WHAT THE EXERCISE ASKS:
Each line from the one holding "Hasır şapkalı bir" to the last line below must be restated word for word, and no picture may be included.

======== MATERIAL TO PROCESS

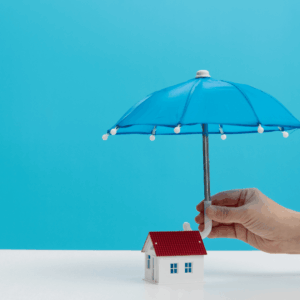 Umbrella protecting a house, symbolizing homestead equity protection for Medicaid planning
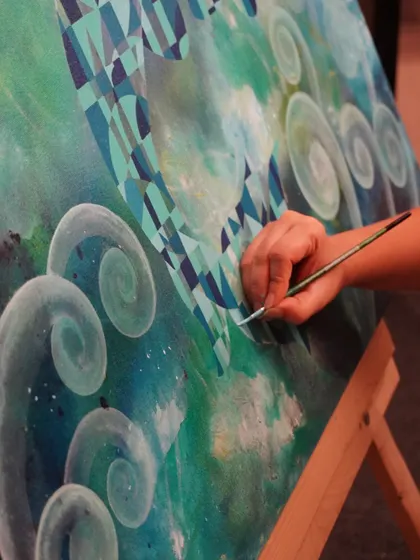 A close-up of my brushwork on the "Life Below Water" painting. Each stroke is precise, building up the geometric patterns and swirling blues that define the piece. This is where the vision starts to become a reality.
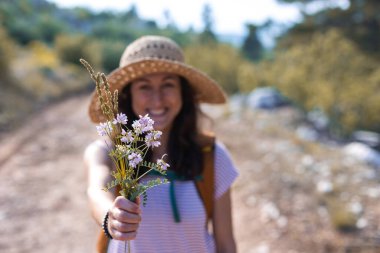 Hasır şapkalı bir kız elinde bir buket yaban çiçeği tutuyor, gülümseyen bir kadın elinde buket tutuyor, doğada bir yürüyüş.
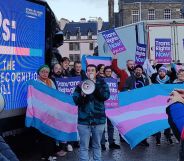 A group of people holding up the trans flags and signs in support of the trans community call on MSPs to pass the Gender Recognition Reform (Scotland) bill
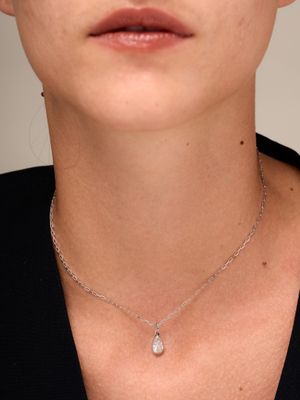 une femme portant un t-shirt noir et un collier en argent orné d'un pendentif en forme de larme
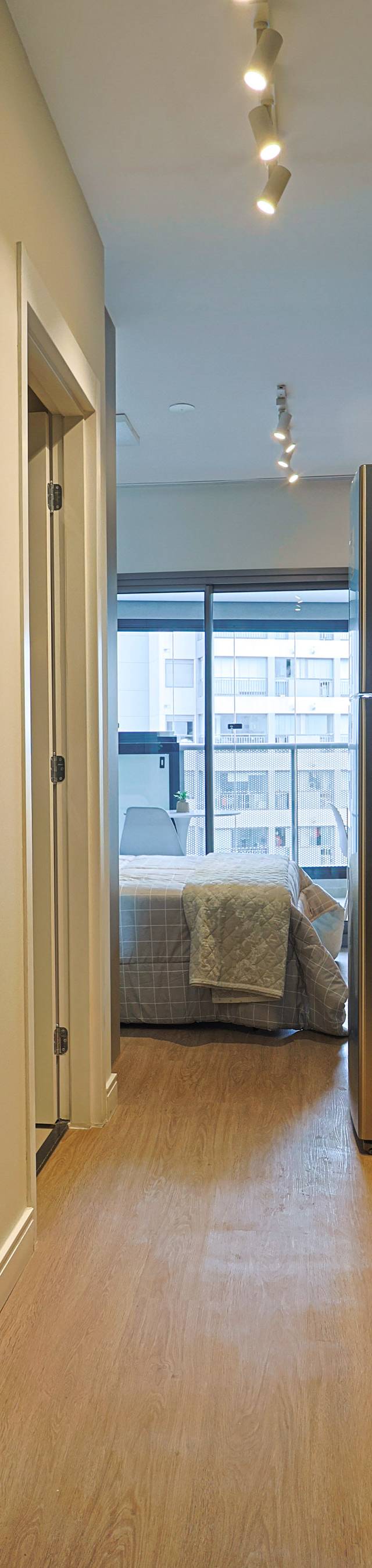 Obra pronta: Entrada do studio com cozinha de bancada escura, nicho de madeira iluminado e cama ao fundo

================

SOLUTION TO THE PROBLEM:
 Hasır şapkalı bir kız elinde bir buket yaban çiçeği tutuyor, gülümseyen bir kadın elinde buket tutuyor, doğada bir yürüyüş.
 A group of people holding up the trans flags and signs in support of the trans community call on MSPs to pass the Gender Recognition Reform (Scotland) bill
 une femme portant un t-shirt noir et un collier en argent orné d'un pendentif en forme de larme
 Obra pronta: Entrada do studio com cozinha de bancada escura, nicho de madeira iluminado e cama ao fundo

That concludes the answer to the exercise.